[Scraped caption text data]












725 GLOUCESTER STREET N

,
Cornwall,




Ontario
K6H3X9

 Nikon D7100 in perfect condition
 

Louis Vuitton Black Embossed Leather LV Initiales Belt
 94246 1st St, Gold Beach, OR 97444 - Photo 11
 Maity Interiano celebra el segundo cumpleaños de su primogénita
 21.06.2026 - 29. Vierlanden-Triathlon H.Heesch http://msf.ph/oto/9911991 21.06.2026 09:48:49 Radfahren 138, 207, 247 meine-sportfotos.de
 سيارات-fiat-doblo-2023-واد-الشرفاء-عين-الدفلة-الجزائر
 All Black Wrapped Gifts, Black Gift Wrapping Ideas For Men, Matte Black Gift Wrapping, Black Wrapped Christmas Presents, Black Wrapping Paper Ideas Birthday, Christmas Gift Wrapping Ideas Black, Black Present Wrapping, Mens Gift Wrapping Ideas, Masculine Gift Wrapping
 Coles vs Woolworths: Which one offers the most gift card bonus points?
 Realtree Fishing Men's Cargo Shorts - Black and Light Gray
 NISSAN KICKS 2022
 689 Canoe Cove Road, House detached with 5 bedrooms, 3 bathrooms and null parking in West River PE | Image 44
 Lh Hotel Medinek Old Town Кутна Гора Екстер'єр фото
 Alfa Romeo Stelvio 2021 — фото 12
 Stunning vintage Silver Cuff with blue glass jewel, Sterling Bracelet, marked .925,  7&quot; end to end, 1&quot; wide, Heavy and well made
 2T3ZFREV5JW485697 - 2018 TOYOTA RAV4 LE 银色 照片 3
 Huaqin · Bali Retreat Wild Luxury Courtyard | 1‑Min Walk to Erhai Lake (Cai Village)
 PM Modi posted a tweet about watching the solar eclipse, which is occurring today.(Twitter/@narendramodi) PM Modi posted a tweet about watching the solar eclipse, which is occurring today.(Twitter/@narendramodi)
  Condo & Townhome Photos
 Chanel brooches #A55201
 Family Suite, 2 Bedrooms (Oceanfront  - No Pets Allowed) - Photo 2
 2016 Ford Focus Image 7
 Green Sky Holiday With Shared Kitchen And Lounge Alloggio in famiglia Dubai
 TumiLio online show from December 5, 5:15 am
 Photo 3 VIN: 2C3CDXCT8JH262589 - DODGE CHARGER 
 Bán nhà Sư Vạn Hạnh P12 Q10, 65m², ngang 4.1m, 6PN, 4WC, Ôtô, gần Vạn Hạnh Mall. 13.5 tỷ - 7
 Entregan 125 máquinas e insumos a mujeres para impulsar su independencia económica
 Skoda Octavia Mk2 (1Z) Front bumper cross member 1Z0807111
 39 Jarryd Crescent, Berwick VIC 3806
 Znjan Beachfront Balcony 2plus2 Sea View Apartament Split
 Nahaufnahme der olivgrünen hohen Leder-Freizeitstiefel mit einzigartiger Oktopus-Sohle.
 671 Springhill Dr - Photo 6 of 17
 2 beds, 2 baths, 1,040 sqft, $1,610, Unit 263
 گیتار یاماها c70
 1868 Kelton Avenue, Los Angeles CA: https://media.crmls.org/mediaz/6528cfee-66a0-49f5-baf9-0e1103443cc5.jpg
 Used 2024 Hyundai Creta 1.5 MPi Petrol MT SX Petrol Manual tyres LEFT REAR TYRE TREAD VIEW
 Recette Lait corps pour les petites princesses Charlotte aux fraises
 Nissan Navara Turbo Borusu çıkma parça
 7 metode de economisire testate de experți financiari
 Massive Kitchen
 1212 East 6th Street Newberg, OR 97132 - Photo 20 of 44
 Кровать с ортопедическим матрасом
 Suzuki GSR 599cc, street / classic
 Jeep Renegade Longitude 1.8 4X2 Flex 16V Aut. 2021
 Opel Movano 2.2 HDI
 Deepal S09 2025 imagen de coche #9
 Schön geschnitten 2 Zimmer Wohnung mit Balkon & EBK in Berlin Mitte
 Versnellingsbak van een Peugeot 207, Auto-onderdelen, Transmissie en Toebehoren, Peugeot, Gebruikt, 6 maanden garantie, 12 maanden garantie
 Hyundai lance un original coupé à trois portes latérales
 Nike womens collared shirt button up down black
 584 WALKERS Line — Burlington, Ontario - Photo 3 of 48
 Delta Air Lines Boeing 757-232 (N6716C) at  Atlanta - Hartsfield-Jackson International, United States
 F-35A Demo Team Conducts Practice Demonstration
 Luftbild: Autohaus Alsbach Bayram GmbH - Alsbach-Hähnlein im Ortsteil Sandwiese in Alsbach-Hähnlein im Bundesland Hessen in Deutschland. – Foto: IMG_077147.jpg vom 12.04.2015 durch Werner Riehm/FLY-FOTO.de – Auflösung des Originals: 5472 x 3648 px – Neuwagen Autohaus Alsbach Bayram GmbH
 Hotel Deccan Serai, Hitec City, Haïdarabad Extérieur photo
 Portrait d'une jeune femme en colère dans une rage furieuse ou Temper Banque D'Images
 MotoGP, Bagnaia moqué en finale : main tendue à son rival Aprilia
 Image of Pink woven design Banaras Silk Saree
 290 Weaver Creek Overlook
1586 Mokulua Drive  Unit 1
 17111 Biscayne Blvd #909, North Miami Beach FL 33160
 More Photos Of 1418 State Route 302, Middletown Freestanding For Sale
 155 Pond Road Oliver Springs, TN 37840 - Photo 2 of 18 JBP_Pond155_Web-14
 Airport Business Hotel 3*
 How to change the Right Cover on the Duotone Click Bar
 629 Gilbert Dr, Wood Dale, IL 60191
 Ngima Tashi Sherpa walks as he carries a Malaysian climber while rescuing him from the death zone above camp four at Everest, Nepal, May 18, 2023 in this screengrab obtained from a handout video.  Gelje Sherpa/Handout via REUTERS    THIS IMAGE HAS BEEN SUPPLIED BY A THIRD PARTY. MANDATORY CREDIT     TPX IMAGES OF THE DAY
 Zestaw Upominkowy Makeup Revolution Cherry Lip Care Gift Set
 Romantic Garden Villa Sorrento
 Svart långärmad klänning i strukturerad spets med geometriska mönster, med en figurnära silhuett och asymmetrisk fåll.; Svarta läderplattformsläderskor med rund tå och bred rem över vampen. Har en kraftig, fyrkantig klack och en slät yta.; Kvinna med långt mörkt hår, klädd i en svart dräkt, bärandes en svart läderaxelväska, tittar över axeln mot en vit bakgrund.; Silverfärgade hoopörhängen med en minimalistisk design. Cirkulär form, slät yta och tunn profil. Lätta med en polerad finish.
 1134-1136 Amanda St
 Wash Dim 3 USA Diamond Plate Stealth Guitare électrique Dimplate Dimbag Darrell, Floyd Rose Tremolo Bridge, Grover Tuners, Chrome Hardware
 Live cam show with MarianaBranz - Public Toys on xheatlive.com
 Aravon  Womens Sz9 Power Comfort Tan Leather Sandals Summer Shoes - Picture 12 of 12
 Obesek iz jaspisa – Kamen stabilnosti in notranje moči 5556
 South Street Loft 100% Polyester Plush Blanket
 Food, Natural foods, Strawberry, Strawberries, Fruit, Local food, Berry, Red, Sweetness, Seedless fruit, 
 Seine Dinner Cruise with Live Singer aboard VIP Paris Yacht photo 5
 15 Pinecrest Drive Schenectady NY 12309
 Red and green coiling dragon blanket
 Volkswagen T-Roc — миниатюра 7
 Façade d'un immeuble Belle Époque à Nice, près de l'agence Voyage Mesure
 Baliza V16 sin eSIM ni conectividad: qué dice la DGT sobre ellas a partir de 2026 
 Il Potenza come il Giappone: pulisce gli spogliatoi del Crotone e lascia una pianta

• [What is required] Each line in the entries above, starting at the line with "Suzuki GSR 599cc, street / classic" and ending at the line with "F-35A Demo Team", is to be printed exactly, and only those lines.

• [Exercise result]
 Suzuki GSR 599cc, street / classic
 Jeep Renegade Longitude 1.8 4X2 Flex 16V Aut. 2021
 Opel Movano 2.2 HDI
 Deepal S09 2025 imagen de coche #9
 Schön geschnitten 2 Zimmer Wohnung mit Balkon & EBK in Berlin Mitte
 Versnellingsbak van een Peugeot 207, Auto-onderdelen, Transmissie en Toebehoren, Peugeot, Gebruikt, 6 maanden garantie, 12 maanden garantie
 Hyundai lance un original coupé à trois portes latérales
 Nike womens collared shirt button up down black
 584 WALKERS Line — Burlington, Ontario - Photo 3 of 48
 Delta Air Lines Boeing 757-232 (N6716C) at  Atlanta - Hartsfield-Jackson International, United States
 F-35A Demo Team Conducts Practice Demonstration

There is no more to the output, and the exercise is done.